Description - The mission of Alturas BLM Field Office is to maintain a healthy ecosystem, which provides a mosaic of vegetation and wildlife habitats, functioning riparian systems, and soil stability. Additionally, the mission is to promote socioeconomic stability within the communities; protect cultural heritage; and provide public services and recreational opportunities.
Copyright: Bureau of Land Management
Alturas Field Office waterscene
The Alturas resource area encompasses a panorama of diversity, from evergreen forests to rocky lava flows to high desert plains. Converging in Alturas is the Pit River, the largest river in northeastern California. It drains this part of the state before entering the Sacramento River at Shasta Lake. The north fork of the Pit starts at Goose Lake, while the south fork begins high in the Warner Mountains.
- The Alturas Field Office offers recreations as varied as the landscape. Visitors can camp in remote settings, hike the emigrant trails that dissect the lands, or watch herds of Pronghorn Antelope and Mule Deer.
Camping is permitted almost anywhere in the Alturas Resource Area. There are four established campgrounds: Pit River, Cindercone, Popcorn, and Dry Creek. If you choose to stay outside of an established campground, you will need a campfire permit which is available at any BLM office. Please be careful: leave your area cleaner than you found it and don't camp in or around wet meadows, springs or creeks. The maximum length of stay is 14 days.
The Blue Door Flat area provides an interesting place to watch waterfowl, shorebirds and songbirds, as well as viewing colorful wildflowers. The area is in the transition zone between the Great Basin and the Modoc Plateau, adding to the diversity of species. The view to the east in the fall is dramatic, and one of the best around with the changing vegetation in the South Warners Wilderness of broad open areas with patches of brilliant orange aspens, red brush, and mixed conifer forests.
A rich sense of history pervades the area. Blue Door Flat is a reservoir that was constructed in 1939 by the Civilian Conservation Corps. Several Indian and settler conflicts, including the Modoc Indian War of 1872 and 1873, occurred in this region.

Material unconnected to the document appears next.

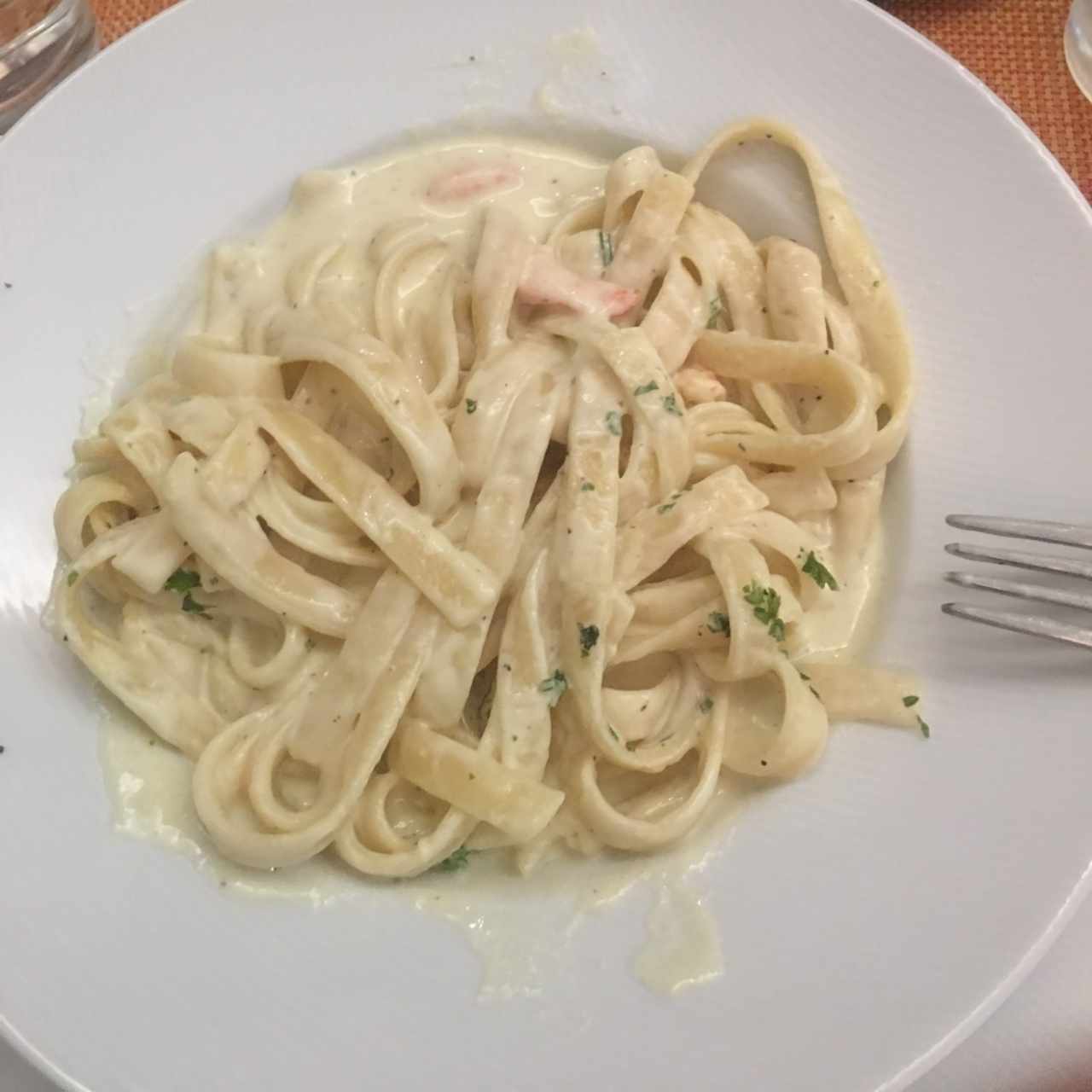 Alfredo con pollo/ Camarones. 13.50-14.50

The proximity of the Lava Beds National Monument and the Modoc National Wildlife Refuge provide further recreational opportunities.
Recreation - Recreations available in the Alturas area include horseback riding, OHVing, mountain biking, hiking, camping, fishing, auto tours, and wildlife watching.
Climate - Climate in the Shasta-Cascade Region varies greatly with elevation. Higher elevations tend to have much cooler temperatures and higher precipitation. Summer weather is usually hot and dry with lower elevation temperatures ranging from 85 - 100+ degrees F and lows from 60 - 70 degrees F. Autumn days are usually mild and warm, with cool nights. Winter is when most of the precipitation falls, averaging over 55 inches per year, much of it in the form of snow in the high elevations. Highs range from 40 - 60 degrees F and lows from 30 - 40 degrees F in the lower elevations. Spring weather is variable with many pleasant days.
The Alturas Field Office is located within the Shasta-Cascade area including Modoc County.